BEGIN Listed entries

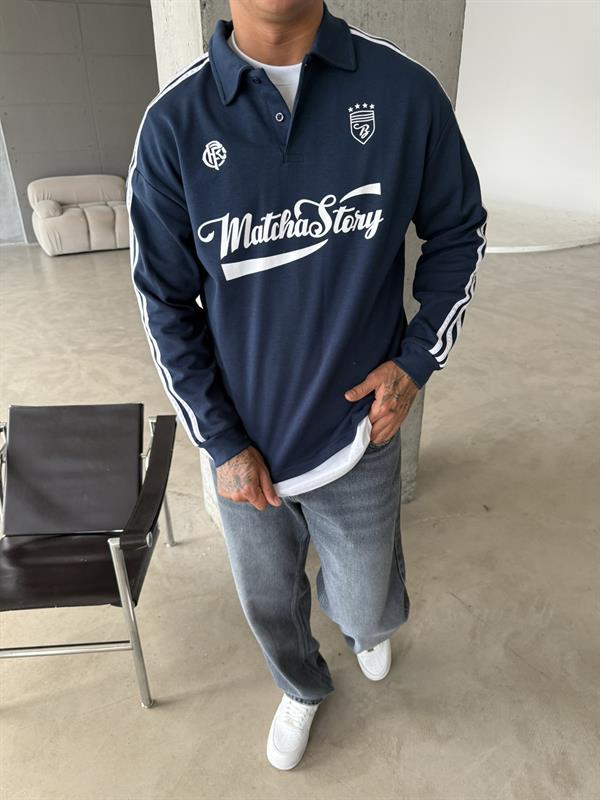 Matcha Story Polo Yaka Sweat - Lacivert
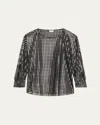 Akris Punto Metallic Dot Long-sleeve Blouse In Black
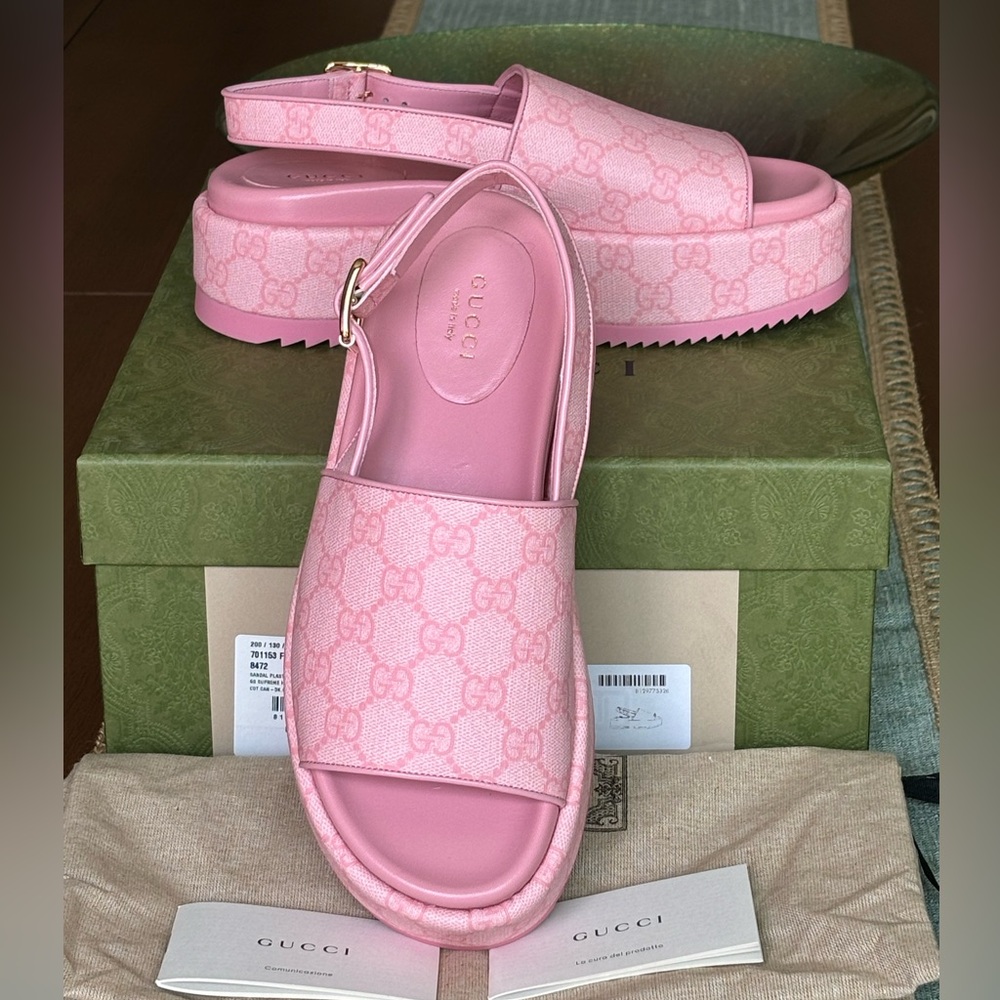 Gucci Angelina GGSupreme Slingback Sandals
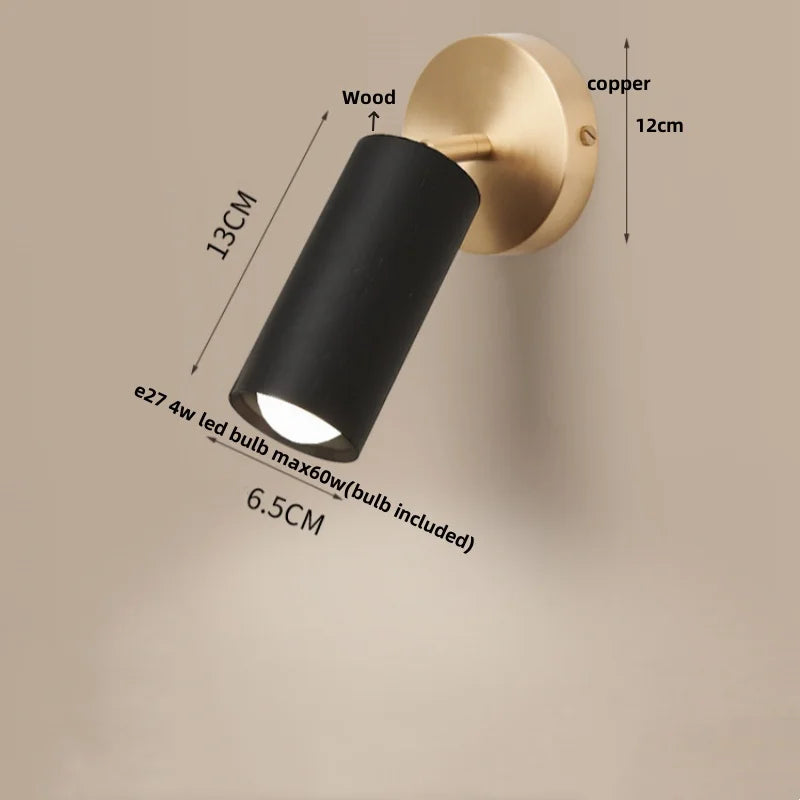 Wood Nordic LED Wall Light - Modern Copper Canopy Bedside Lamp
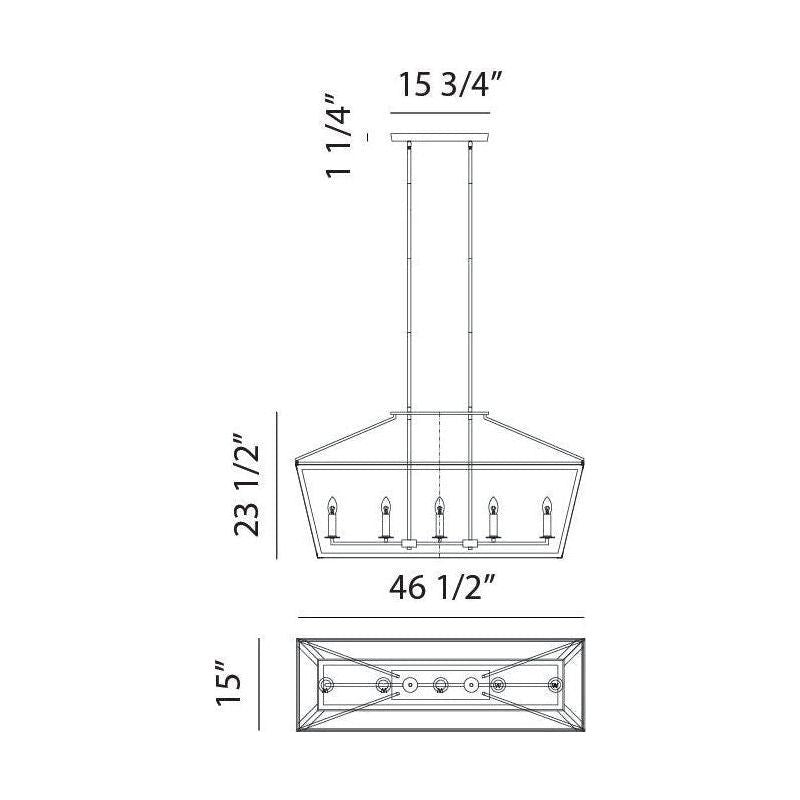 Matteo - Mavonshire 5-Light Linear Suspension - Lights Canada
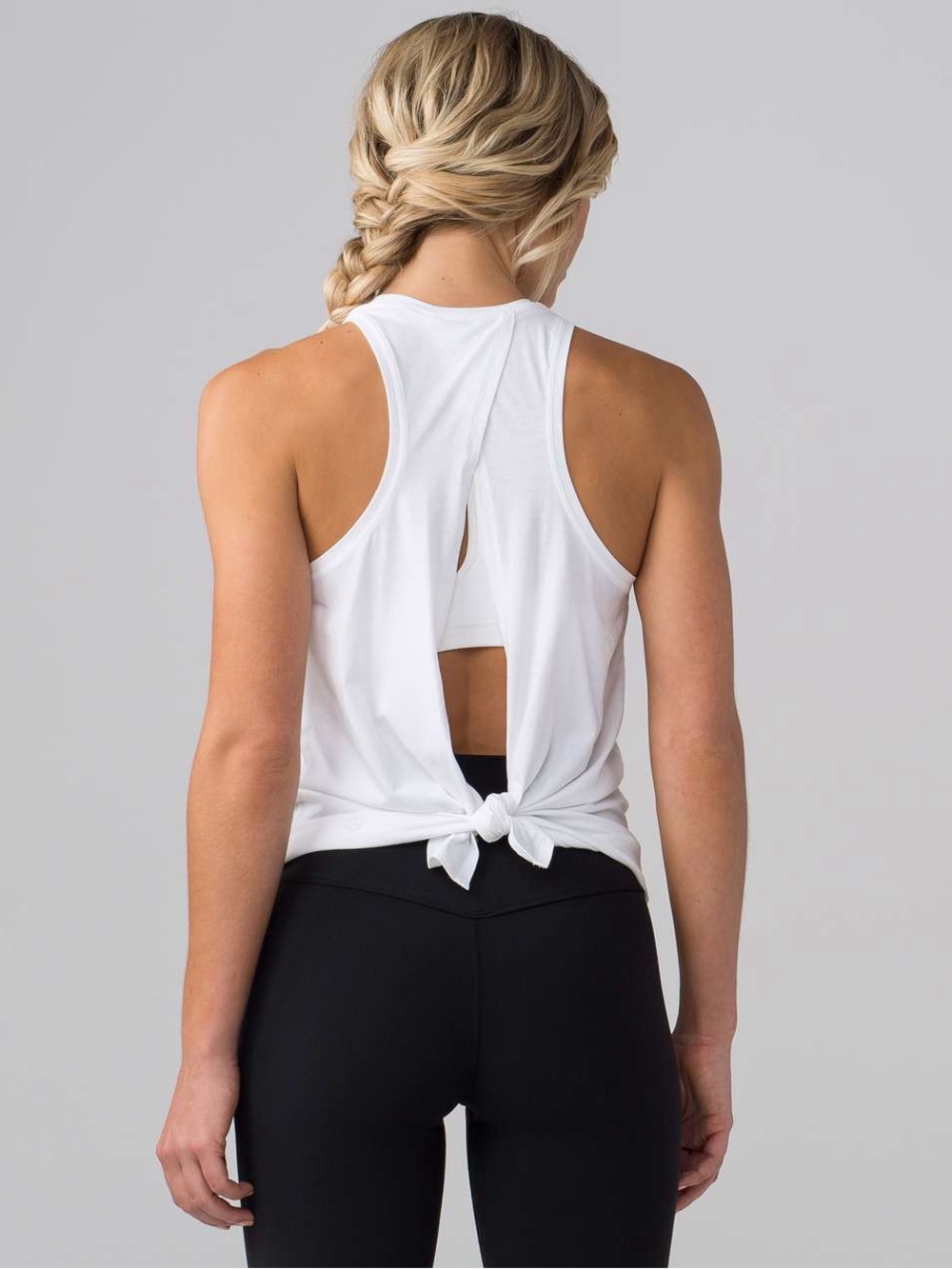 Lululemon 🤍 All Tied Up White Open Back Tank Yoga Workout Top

END Listed entries
BEGIN Listed entries

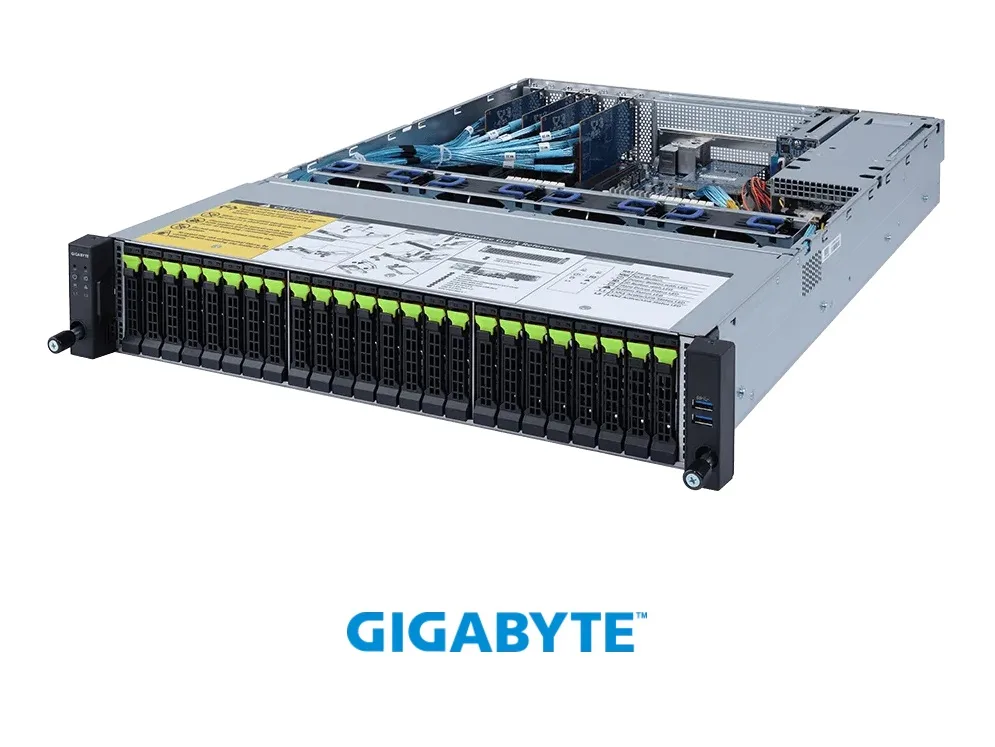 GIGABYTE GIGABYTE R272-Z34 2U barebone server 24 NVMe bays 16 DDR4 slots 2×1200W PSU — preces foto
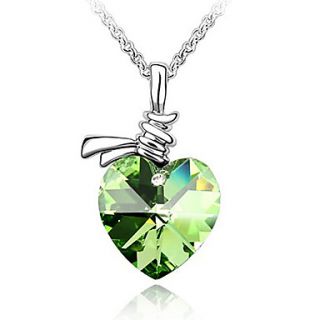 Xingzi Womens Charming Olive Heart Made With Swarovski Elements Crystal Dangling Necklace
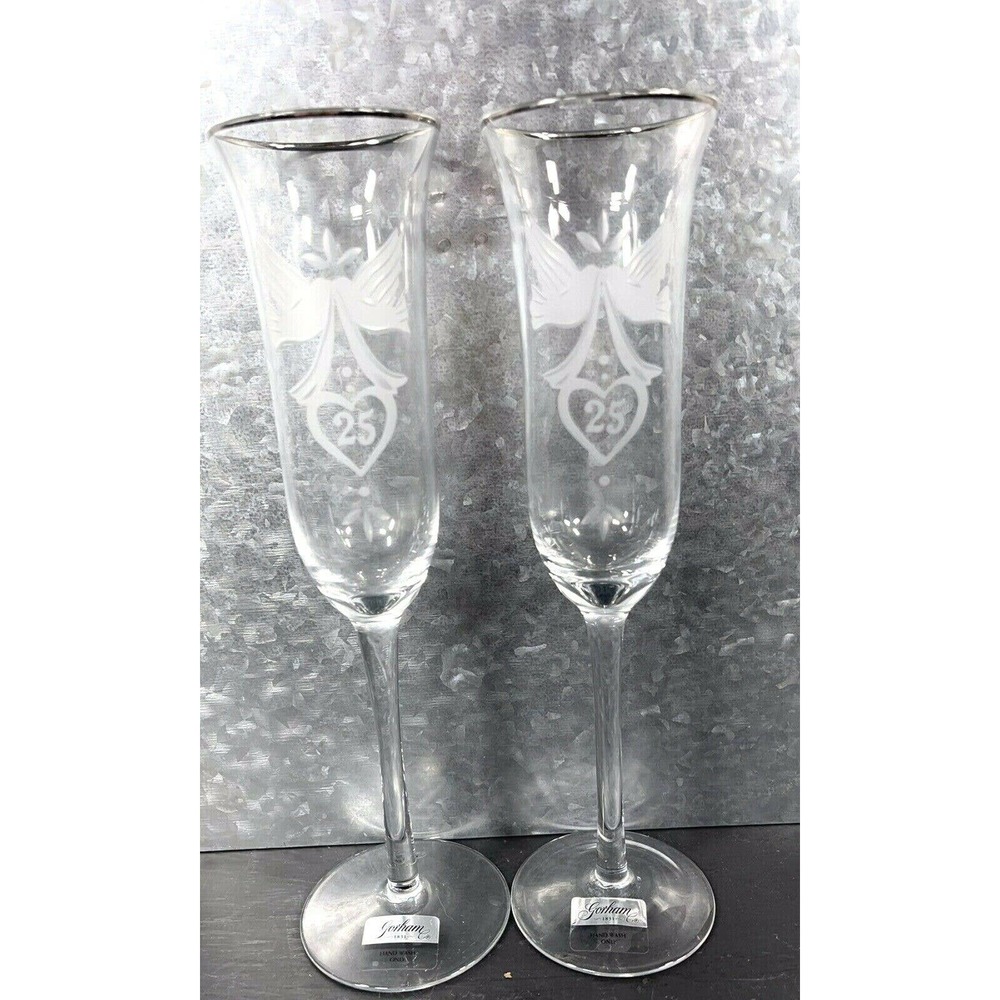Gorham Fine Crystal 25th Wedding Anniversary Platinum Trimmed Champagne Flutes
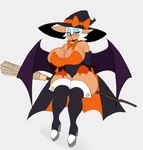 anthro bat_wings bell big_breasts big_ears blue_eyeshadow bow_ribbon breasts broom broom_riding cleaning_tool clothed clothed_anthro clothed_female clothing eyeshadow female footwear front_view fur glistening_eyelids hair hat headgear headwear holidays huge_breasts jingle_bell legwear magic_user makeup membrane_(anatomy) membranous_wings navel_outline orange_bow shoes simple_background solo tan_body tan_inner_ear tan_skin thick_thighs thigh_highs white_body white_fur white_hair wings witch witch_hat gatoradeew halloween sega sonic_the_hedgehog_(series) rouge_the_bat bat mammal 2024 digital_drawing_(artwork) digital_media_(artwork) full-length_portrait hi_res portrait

END Listed entries

▸ Task goal
In the listing above, find the line with "Xingzi Womens Charming" and output every line through the one with "anthro bat_wings bell", exactly, without the pictures.

▸ Reply to the task
 Xingzi Womens Charming Olive Heart Made With Swarovski Elements Crystal Dangling Necklace
Gorham Fine Crystal 25th Wedding Anniversary Platinum Trimmed Champagne Flutes
 anthro bat_wings bell big_breasts big_ears blue_eyeshadow bow_ribbon breasts broom broom_riding cleaning_tool clothed clothed_anthro clothed_female clothing eyeshadow female footwear front_view fur glistening_eyelids hair hat headgear headwear holidays huge_breasts jingle_bell legwear magic_user makeup membrane_(anatomy) membranous_wings navel_outline orange_bow shoes simple_background solo tan_body tan_inner_ear tan_skin thick_thighs thigh_highs white_body white_fur white_hair wings witch witch_hat gatoradeew halloween sega sonic_the_hedgehog_(series) rouge_the_bat bat mammal 2024 digital_drawing_(artwork) digital_media_(artwork) full-length_portrait hi_res portrait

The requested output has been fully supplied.